Mas, fosse o PMDB uma agremiação inteiriça e não apenas o maior conglomerado promotor de interesses fisiológicos do sistema partidário nacional, cujos cálculos de conveniência são uns na esfera federal e outros conforme os Estados e os municípios, decerto seria mais instrutiva essa conversa. E teria outro sentido implícito a expressão "noiva cobiçada", como já se fala da legenda, em alusão às expectativas, seja do governo, seja da oposição, de contar com a sua máquina para a próxima eleição presidencial. Aqui e ali, ouvem-se peemedebistas desejando dar ao partido uma identidade programática para resgatá-lo do oportunismo mais crasso.
É o caso do prefeito reeleito de Porto Alegre, José Fogaça. Ele reconhece que o PMDB não é levado a sério porque não tem unidade e, apesar do seu estoque de votos, está fadado a ser coadjuvante ou do PSDB ou do PT. Mas, para a imensa maioria de suas figuras de destaque, de dentro e de fora do governo Lula, isso pouco importa, desde que o partido a quem se aliem as recompense adequadamente. Em São Paulo, por exemplo, o ex-governador Orestes Quércia, que se acertou com o atual, José Serra, para apoiar a candidatura do prefeito Gilberto Kassab à reeleição, diz candidamente que a aliança já pressupunha um "entendimento sobre 2010" - ele para senador e Serra para presidente.

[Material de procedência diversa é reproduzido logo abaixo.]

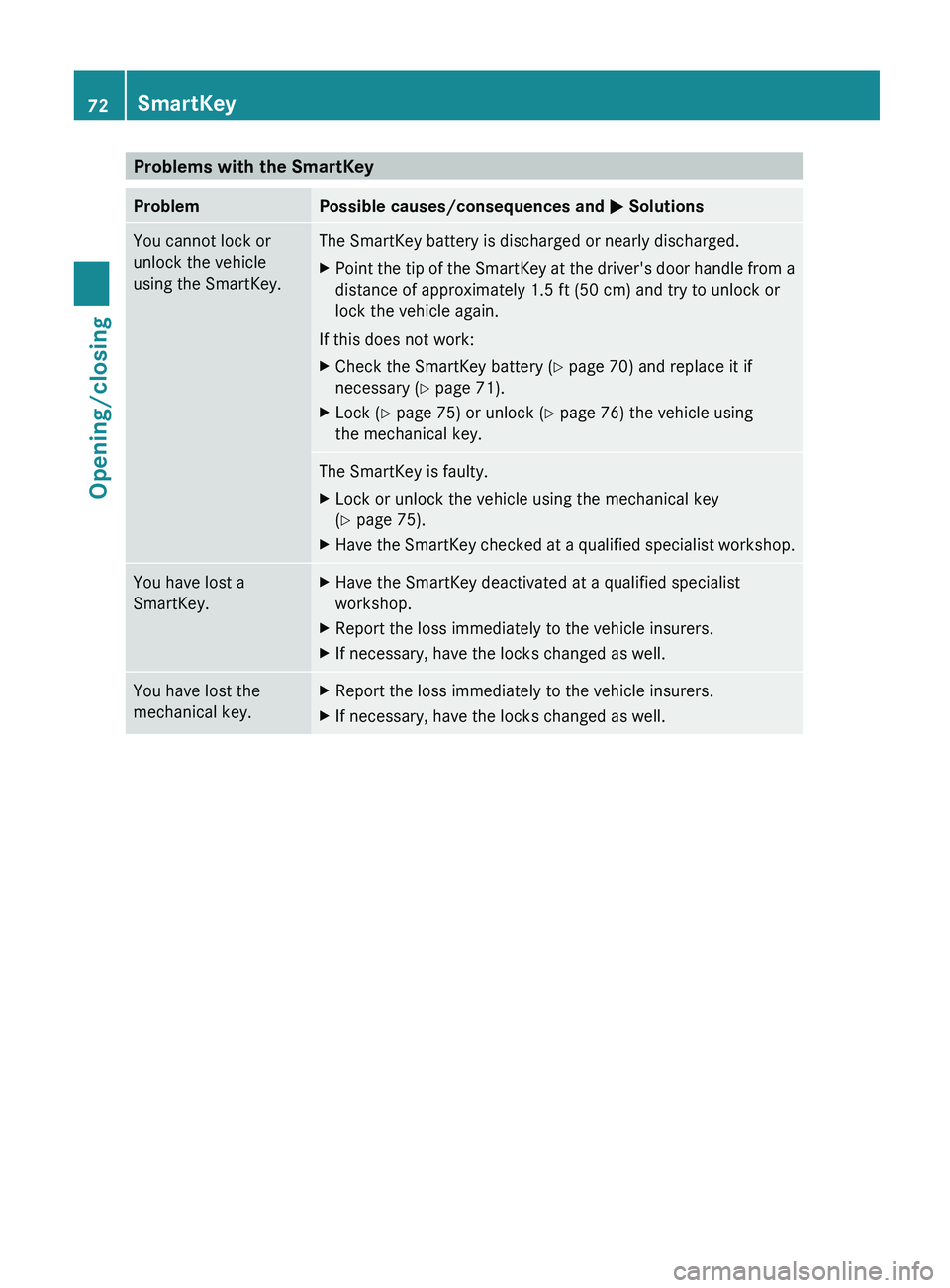 MERCEDES-BENZ G-CLASS SUV 2013 Manual PDF Problems with the SmartKey
Problem Possible causes/consequences and
0050 SolutionsYou cannot lock or
unlock the vehicle
using the SmartKey. The SmartKey battery is discharged or nearly discharged.
X
MERCEDES-BENZ G-CLASS SUV 2013 Manual PDF Problems with the SmartKey
Problem Possible causes/consequences and
0050 SolutionsYou cannot lock or
unlock the vehicle
using the SmartKey. The SmartKey battery is discharged or nearly discharged.
X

Já na Bahia, o ministro peemedebista da Integração Nacional, Geddel Vieira Lima, cujo correligionário João Henrique se reelegeu prefeito de Salvador (apoiado no segundo turno pelo DEM) contra o petista Walter Pinheiro, defende a manutenção da aliança com o PT para a sucessão de Lula, com o presidente no papel de "grande fiador", e cada qual por si na disputa concomitante pelo governo do Estado. Mas, onde quer e em que sentido se manifestem, os políticos parecem se preparar para o futuro como se o Brasil destes próximos dois anos pudesse continuar sendo o mesmo dos seis anos precedentes - os da era Lula.
Na realidade, como dizia o governador Serra, ontem, ao Estado, ainda falta muito para 2010. Não pelo transcorrer do tempo em si, mas pelo impacto sobre o processo político da crise econômica incomum que já se instalou e que os partidos parecem ignorar nas suas maquinações. A reviravolta no cenário de bonança, entre outros efeitos, obrigará o presidente a governar, como diz o deputado José Carlos Aleluia (DEM-BA), e desafiará a oposição a assumir finalmente esse papel, o que a rigor só aconteceu na era Lula quando a questão em jogo dizia respeito à corrupção. Agora, caberá ao bloco oposicionista formular alternativas para circunscrever até onde é possível o contágio da crise, começando pela apresentação de mudanças substanciais à MP 443, a que dá ao Banco do Brasil e à Caixa o poder de comprar instituições financeiras e empresas em geral.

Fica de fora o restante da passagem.